What do you think of the fact that it’s all come back again?  Do you have an opinion on the fact that they’re doing a referendum?

I always said let’s put it back to the people and put it to rest, but I don’t know if today I think we’re going down the same road.  They should…if they wanted a vote, I guess, and it passed, then let’s wait another year and have a whole new election for those positions.  You know?  I think maybe that might work better, if they all went in as a new…they got staff people that can train them.

Do you think the document itself could be improved?  They’re just taking it as it is an throwing it back out again.

I think we can live with that and as we go along, it could be like growing pains.  If we have to amend something, it could be done.  But I think it was basically a good document after I started studying it.  If people wouldn’t be so stubborn.  A lot of it is stubbornness.

What do you think drove the whole campaign to quash it?  Was it people just weren’t sophisticated enough or something like that or do you think there were other motivations going on?
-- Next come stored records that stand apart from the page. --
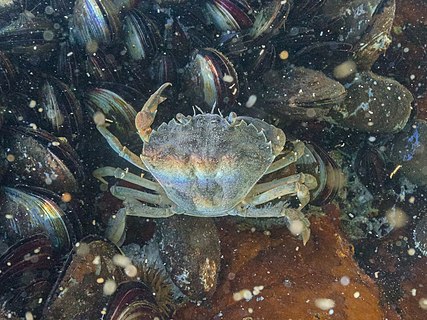 Velvet crab (Necora puber), Setúbal, Portugal.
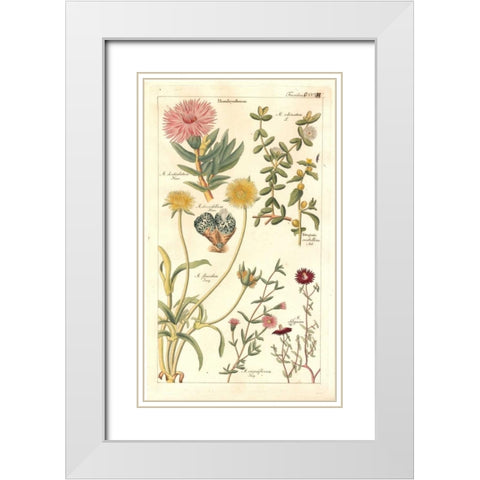 Ice Plant White Modern Wood Framed Art Print with Double Matting by Dietrich, David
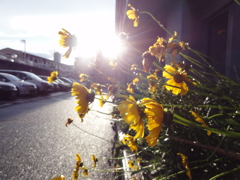 夕焼けの日差し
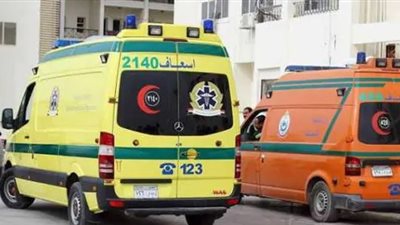 تفاصيل إصابة 10 أشخاص إثر تصادم سيارة نقل وميكروباص بطريق صلاح سالم| بث مباشر 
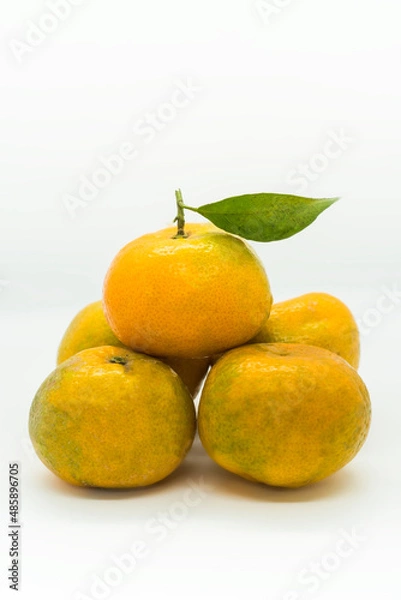 Obraz lemon and lime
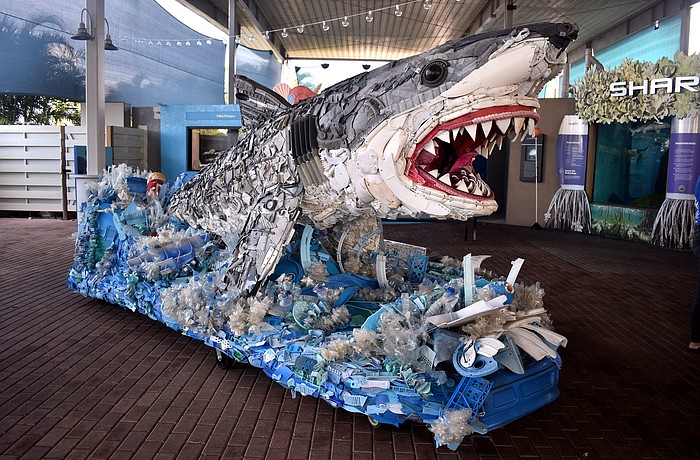Greta the Great White Shark is one of seven marine-debris sculptures in Mote's newest exhibit.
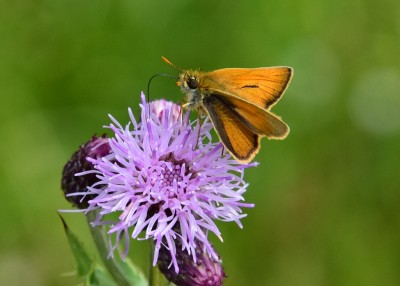 Small Skipper - Bickenhill 12.07.2021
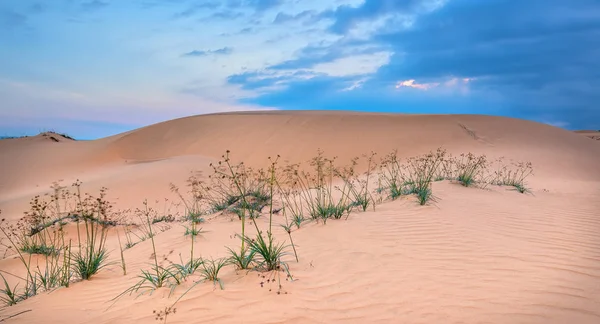 Solnedgången Kullen Sand Med Vitaliteten Gräs Buskarna Sträcker För Att — Stockfoto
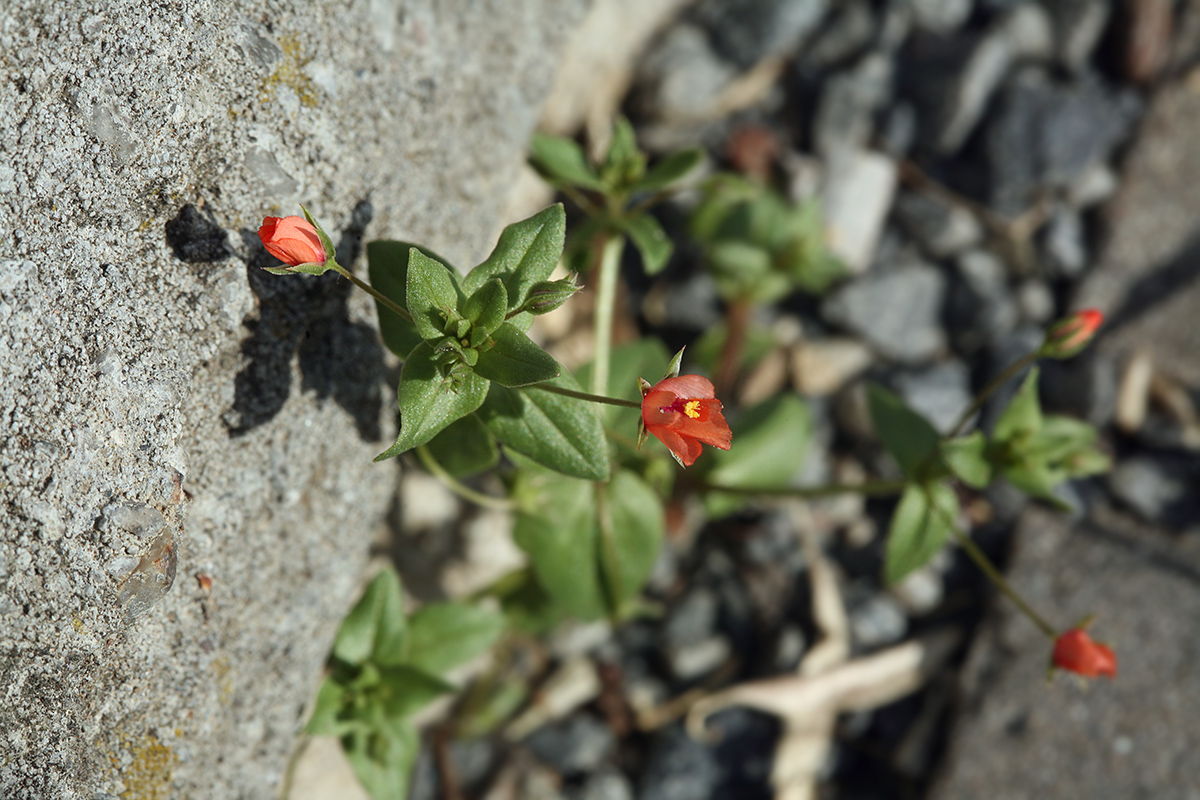 Изображение особи Anagallis arvensis.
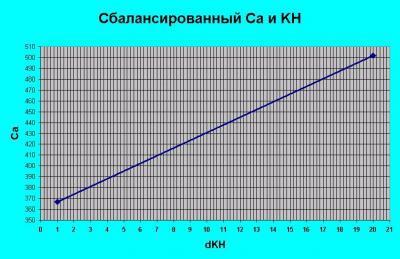 IMG_2446.JPG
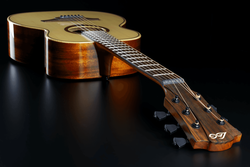 Guitare Folk Lg Acoustique TRAVEL-SP
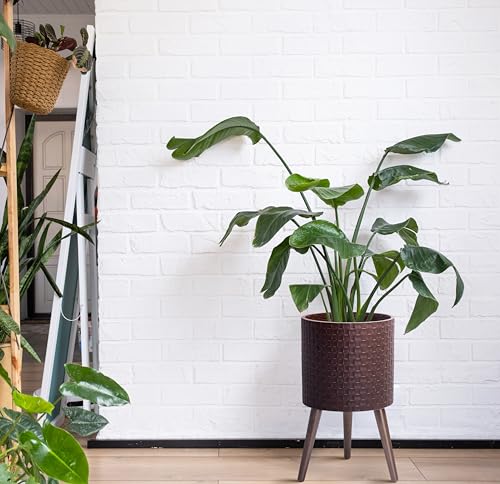 D'vine Dev Planter Pot with Wood Stand, 12 in, Espresso, 88-Z-C-6 | Mid-Century Modern Style, Elevated Plant Display, Drainage Hole and Plug, Functional & Stylish, Modern Indoor Planter - color: Espresso, size: Large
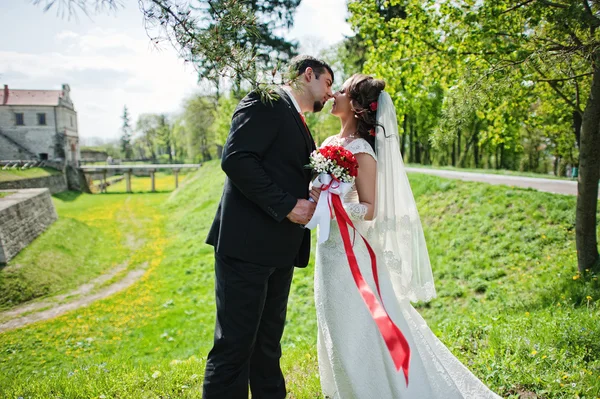 El beso de la pareja de boda — Foto de Stock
You don’t have to answer that if you don’t want to.

I think there was people in the background.  If you’re doing something wrong, you don’t want a court system.  I think they blamed the constitution for the court system.  A lot of them that were sued, they were found guilty.

So to get rid of the court you get rid of the constitution?  I’ve heard that from lots of people.

That’s what I thought.  Because the very ones, to this day, they’re millionaires.  You know how they made their money.  And they want to rule the reservation.  Even though they don’t believe in the system too.

My last question will be…looking back on your life of public service, and also your husband, Speed was tribal chief and did a lot for the community…what would you like to see for the future of Akwesasne?  You’ve seen the changes, and you’ve seen a lot of changes in your life.  What do you think we really need to work on around here?

Family values.  It’s being lost.  People are doing whatever they want.  I find that the younger generation…they’ve had everything all their lives.  They never had to know, they never knew what it was like not to have money, so then they just… I don’t know.  There’s so much of this drug traffic and other things like that, the easy money is getting them … I come out of the casino, one day Maggie and I came out of the casino and there’s this…she didn’t even look sixteen, she drove a Hummer in there.  And you know how much Hummers cost, so she must have money to have it, or her boyfriend.  And us, we had to wait.  You don’t even see a rez car around anymore! 

Those old beat up Grand Prix and stuff like that?

People today, they don’t even have to work.